==== Dataset records

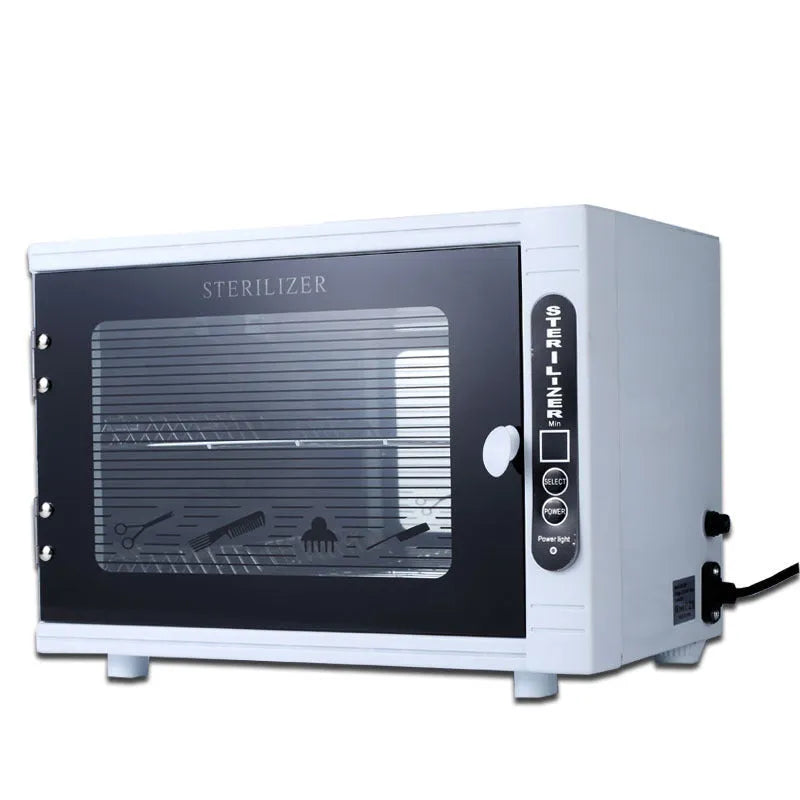 Small silver ultraviolet sterilizer for beauty salon tool disinfection with stainless steel interior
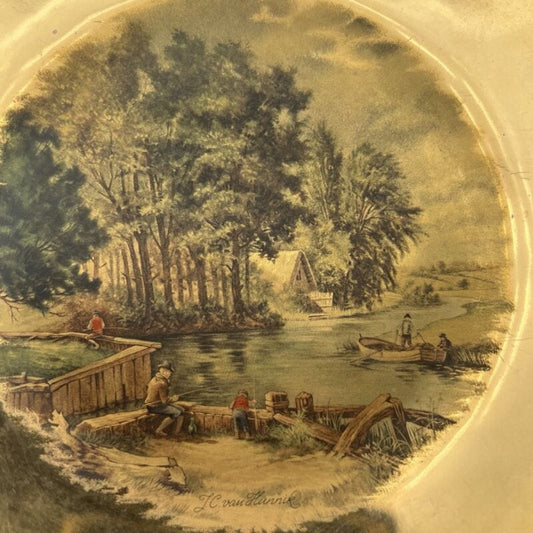 Piatto vintage decorativo in porcellana Bavaria oro zecchino da collezione Art 1 Ceramiche e Porcellane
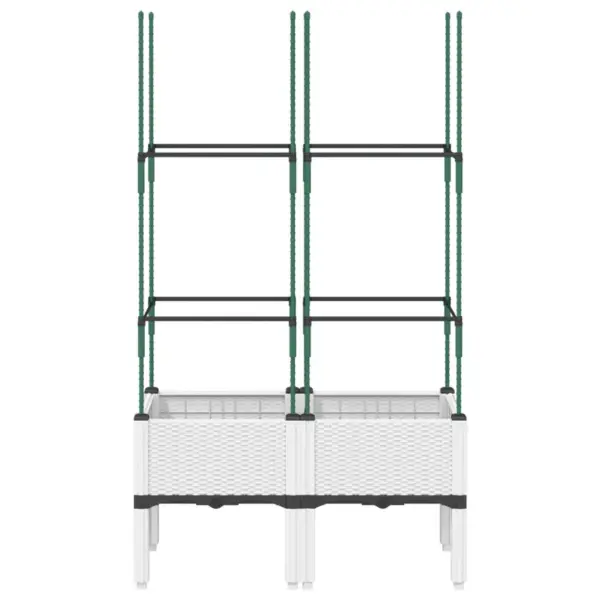 Võrega taimekast ronitaimedele, valge PP, 80 x 40 x 142,5 cm – 3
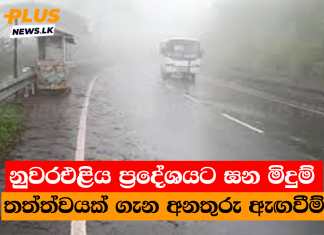 නුවරඑළිය ප්රදේශයට ඝන මිදුම් තත්ත්වයක් ගැන අනතුරු ඇඟවීම්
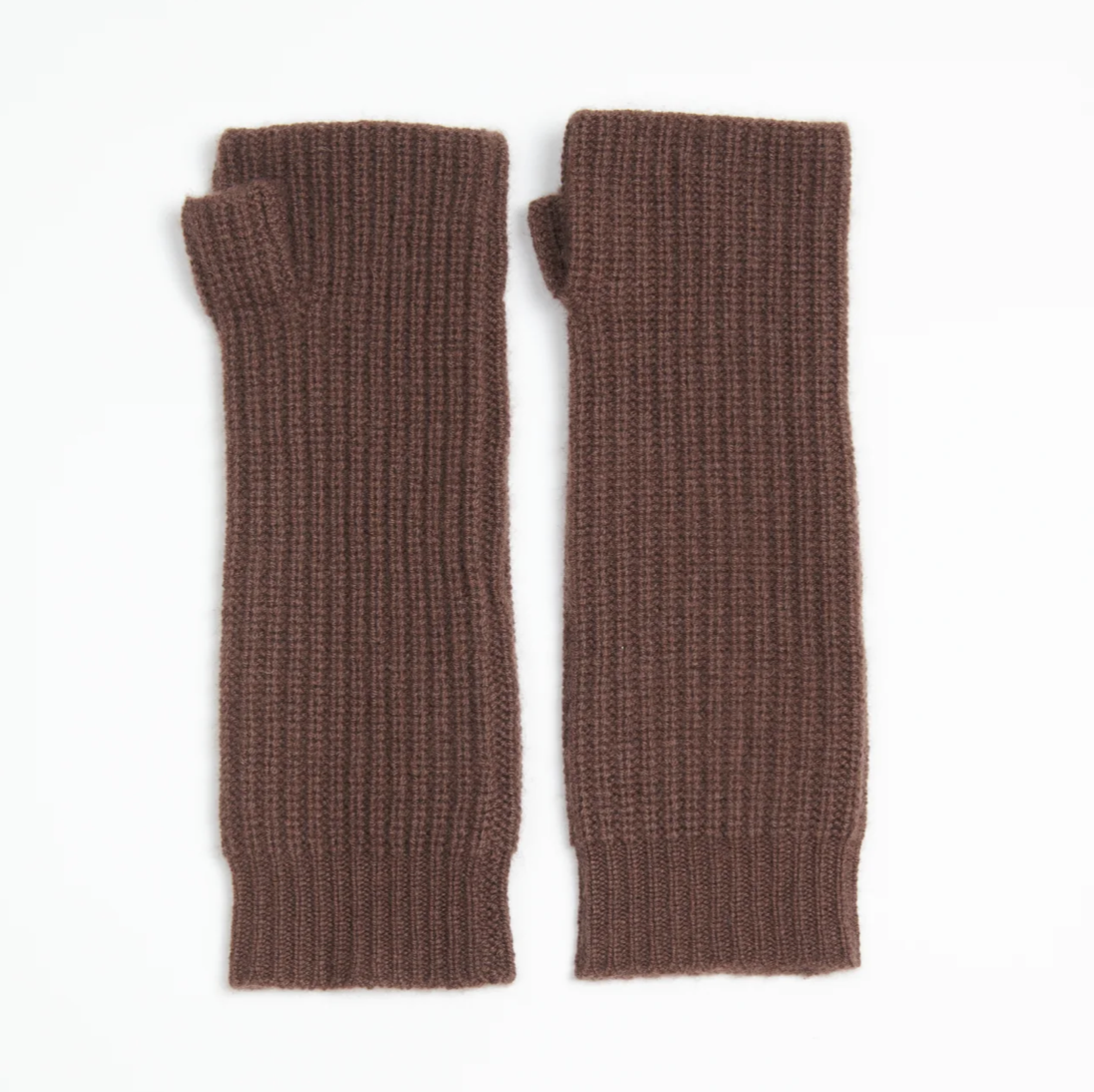 Brown Cashmere Fingerless Gloves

========

[Task goal]: Write out every record above exactly, leaving no picture in the result.

[Exercise result]:
 Small silver ultraviolet sterilizer for beauty salon tool disinfection with stainless steel interior
 Piatto vintage decorativo in porcellana Bavaria oro zecchino da collezione Art 1 Ceramiche e Porcellane
 Võrega taimekast ronitaimedele, valge PP, 80 x 40 x 142,5 cm – 3
 නුවරඑළිය ප්රදේශයට ඝන මිදුම් තත්ත්වයක් ගැන අනතුරු ඇඟවීම්
 Brown Cashmere Fingerless Gloves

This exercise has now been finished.